I have found 1.39.0 more stable. To my observations the Z2M version number has nothing to do with disconnections. However, so far I have failed to find a pattern. I have the exact config in 2 different locations, one does not fail at all, the other disconnects every 100s and automatically reconnects every 10s.

In one of the installations I had frequent disconnections, and after plugging and unplugging the UZG several times trying different things it stopped disconnecting. I have failed to find why.

Still in the process of investigating.

habitats-tech commented 3 months ago

I am in the process of comparing PoE Zigbee coordinators under Zigbee2MQTT as well as trying to identify and fix issues with PoE coordinators.

I assume everyone has experienced issues with UZG-01 and I have created a document which not only compares, but also provides feedback on my troubleshooting and product findings.

If anyone is interested to join the conversation please visit this link.

https://portal.habitats.tech/Zigbee2MQTT/Zigbee+PoE+HW+Comparison

Especially if you can provide feedback use this thread, or my Ko-fi page, or use https://community.home-assistant.io/t/zigbee2mqtt-uzg-01-ha/749094

My aim is to support everyone improve their product as well as eliminate/bypass/fix the issues almost anyone is facing with these products. Improvements are to the benefit of everyone.

habitats-tech commented 3 months ago

So far my findings with UZG-01 are not promising. UZG-01 at some point will disconnect from Zigbee2MQTT (even if it takes days), the result being Zigbee2MQTT will abort and requires manual restart. I am running Zigbee2MQTT manually so I can detect disconnections.

On the installation where UZG-01 disconnections were every 100s, reinstalling Zigbee2MQTT while changing the channel fixed the issue. I am uncertain if Zigbee2MQTT reinstallation or changing the Zigbee communications channel, or both fixed the issue.

We need a reliable way to run Zigbee2MQTT with a restart function. The one suggested does not work and I would like to propose the following simple function:

run Zigbee2MQTT using three parameters:

Dinth commented 3 months ago

Sorry, let me stop you here, are you saying that after Z2M disconnects (whether its UZG-1 or SLZB-06p7) you can just restart Z2M and everything is back to normal, you dont need to simultaneously restart the coordinator?
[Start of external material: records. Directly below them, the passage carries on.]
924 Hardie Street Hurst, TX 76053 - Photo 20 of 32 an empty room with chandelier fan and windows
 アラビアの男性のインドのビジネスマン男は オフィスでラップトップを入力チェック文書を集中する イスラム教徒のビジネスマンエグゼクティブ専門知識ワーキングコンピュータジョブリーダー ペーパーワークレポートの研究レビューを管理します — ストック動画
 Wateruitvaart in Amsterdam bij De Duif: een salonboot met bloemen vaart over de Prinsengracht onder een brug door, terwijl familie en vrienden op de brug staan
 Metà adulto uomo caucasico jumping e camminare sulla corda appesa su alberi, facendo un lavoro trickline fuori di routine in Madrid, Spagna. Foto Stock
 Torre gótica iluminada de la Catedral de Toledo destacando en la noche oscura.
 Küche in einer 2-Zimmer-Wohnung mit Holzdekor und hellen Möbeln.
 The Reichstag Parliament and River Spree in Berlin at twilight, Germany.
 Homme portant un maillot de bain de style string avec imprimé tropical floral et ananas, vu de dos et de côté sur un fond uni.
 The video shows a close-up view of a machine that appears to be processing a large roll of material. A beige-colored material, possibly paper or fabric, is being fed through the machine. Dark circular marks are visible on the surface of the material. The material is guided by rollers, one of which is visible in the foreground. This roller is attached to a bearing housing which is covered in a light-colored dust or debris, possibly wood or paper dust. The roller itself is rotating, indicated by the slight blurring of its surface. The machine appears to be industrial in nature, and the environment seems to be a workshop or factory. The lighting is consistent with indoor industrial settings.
habitats-tech commented 3 months ago

Sorry, let me stop you here, are you saying that after Z2M disconnects (whether its UZG-1 or SLZB-06p7) you can just restart Z2M and everything is back to normal, you dont need to simultaneously restart the coordinator?

Yes this is correct.

habitats-tech commented 3 months ago

I have an update. UZG-01 is the issue not Zigbee2MQTT : UZG-01 FW update failure

thecode commented 3 months ago

Just to add more data to this thread, I have a SLZB-06 connected via a single switch to the server. At some random time (can vary between once a day or once a week) the socket disconnects. I have made multiple tests to make sure the connection between the device and the server is ok and didn't find any problem. I left a ping running to the SLZB-06 and when I had a socket disconnection the ping was still running without errors. My docker is set to restart on failure and upon restart it connects again immediately.

The main issue which I think should be handled by Zigbee2MQTT is not to crash completely upon socket disconnection, but just to log a warning/error and try to connect again, when Zigbee2MQTT crashes it marks all the entities as unknown in Home Assistant and it takes time to get back to a normal state. If the socket reconnection will happen without fully crashing this will be seamless and not noticeable as the occurrence is very low and reconnecting to the device is very fast.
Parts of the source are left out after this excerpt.